Requirement —
Which of the lines in the records below hold the string "fashion"? Copy every one of them.

Records provided —
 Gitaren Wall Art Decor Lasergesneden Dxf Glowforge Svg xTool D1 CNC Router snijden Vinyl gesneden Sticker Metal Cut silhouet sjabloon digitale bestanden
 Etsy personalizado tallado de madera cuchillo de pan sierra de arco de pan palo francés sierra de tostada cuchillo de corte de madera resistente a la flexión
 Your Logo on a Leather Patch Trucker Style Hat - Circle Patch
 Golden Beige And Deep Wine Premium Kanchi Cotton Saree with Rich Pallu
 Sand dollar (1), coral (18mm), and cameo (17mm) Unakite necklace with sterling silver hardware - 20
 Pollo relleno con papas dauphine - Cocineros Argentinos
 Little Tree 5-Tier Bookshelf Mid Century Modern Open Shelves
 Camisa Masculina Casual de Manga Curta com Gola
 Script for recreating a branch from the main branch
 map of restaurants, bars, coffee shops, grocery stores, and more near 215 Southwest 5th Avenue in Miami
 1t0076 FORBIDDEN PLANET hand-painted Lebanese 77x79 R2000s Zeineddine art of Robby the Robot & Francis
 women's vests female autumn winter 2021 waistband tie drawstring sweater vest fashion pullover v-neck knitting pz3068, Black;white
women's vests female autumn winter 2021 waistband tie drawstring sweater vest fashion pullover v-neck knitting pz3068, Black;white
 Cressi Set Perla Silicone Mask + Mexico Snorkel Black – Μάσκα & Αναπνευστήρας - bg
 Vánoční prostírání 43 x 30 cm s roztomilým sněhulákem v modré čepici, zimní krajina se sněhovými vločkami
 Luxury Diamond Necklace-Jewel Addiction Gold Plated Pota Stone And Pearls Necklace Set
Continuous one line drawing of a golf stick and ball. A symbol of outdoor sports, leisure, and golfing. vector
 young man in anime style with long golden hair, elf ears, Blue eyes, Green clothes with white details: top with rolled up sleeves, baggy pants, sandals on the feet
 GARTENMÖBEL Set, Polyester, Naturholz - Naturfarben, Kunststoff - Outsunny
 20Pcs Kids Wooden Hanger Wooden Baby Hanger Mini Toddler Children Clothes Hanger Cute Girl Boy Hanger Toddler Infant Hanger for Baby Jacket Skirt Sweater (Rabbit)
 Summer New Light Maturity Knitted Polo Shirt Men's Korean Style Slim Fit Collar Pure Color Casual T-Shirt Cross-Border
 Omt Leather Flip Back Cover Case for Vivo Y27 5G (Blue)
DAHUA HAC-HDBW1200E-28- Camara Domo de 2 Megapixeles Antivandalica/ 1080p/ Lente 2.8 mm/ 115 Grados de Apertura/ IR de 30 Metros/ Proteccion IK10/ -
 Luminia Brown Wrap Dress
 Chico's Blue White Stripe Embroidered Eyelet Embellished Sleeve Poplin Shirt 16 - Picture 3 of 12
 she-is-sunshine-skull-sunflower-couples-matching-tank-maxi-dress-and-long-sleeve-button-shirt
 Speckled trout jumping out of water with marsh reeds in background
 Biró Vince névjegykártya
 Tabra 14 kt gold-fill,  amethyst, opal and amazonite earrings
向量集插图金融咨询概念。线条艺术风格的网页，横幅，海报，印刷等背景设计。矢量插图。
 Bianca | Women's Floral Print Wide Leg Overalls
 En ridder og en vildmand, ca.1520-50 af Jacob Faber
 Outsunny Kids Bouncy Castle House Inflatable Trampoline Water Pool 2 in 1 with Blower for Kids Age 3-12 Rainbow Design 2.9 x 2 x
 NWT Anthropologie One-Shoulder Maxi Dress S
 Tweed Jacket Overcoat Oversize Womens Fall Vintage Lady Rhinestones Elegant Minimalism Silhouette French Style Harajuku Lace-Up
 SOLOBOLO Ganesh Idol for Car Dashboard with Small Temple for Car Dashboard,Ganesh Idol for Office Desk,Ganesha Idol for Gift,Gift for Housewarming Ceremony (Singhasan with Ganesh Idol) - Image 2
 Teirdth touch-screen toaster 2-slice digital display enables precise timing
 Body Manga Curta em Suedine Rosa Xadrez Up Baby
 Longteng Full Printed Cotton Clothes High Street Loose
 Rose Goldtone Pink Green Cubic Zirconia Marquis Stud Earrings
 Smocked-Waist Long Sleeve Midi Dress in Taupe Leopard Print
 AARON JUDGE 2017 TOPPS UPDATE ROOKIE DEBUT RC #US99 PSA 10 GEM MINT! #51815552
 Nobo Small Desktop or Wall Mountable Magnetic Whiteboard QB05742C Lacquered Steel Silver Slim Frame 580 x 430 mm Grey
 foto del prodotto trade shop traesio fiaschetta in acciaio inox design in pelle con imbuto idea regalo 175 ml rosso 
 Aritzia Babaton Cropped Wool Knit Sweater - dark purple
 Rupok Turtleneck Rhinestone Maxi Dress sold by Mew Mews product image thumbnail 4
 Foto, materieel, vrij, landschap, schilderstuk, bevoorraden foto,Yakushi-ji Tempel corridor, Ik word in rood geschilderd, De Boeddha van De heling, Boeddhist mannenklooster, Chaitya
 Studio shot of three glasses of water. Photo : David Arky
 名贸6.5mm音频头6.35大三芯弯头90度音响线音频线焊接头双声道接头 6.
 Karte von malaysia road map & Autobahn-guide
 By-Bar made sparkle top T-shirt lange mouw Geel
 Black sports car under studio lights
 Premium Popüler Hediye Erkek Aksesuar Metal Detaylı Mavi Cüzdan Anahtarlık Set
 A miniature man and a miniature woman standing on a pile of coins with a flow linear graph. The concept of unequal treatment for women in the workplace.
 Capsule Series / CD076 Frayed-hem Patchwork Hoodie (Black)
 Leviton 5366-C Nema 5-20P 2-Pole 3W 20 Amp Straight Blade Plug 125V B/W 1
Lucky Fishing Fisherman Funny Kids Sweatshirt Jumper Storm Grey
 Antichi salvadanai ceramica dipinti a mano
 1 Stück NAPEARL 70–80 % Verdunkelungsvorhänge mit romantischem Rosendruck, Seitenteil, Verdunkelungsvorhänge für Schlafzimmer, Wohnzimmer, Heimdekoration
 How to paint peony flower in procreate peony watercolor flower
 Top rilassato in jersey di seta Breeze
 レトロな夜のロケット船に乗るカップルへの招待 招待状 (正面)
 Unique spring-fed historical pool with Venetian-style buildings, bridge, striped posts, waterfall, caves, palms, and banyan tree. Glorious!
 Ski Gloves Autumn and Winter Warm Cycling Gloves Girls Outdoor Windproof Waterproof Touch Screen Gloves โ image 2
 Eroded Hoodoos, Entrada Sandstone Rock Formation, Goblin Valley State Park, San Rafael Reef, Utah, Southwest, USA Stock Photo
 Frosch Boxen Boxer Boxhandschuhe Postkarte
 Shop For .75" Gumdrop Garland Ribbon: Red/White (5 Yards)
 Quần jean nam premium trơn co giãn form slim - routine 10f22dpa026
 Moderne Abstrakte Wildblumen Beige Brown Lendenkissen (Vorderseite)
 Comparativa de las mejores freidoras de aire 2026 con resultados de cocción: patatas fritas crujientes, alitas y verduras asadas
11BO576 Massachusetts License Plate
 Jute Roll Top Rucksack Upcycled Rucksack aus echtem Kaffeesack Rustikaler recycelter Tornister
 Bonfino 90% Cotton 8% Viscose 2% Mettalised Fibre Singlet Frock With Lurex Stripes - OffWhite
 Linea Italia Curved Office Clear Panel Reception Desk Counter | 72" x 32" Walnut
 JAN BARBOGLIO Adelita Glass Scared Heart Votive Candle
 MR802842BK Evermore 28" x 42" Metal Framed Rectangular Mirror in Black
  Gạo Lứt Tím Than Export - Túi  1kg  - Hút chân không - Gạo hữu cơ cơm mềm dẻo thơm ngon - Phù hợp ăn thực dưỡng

Solution below —
 women's vests female autumn winter 2021 waistband tie drawstring sweater vest fashion pullover v-neck knitting pz3068, Black;white
women's vests female autumn winter 2021 waistband tie drawstring sweater vest fashion pullover v-neck knitting pz3068, Black;white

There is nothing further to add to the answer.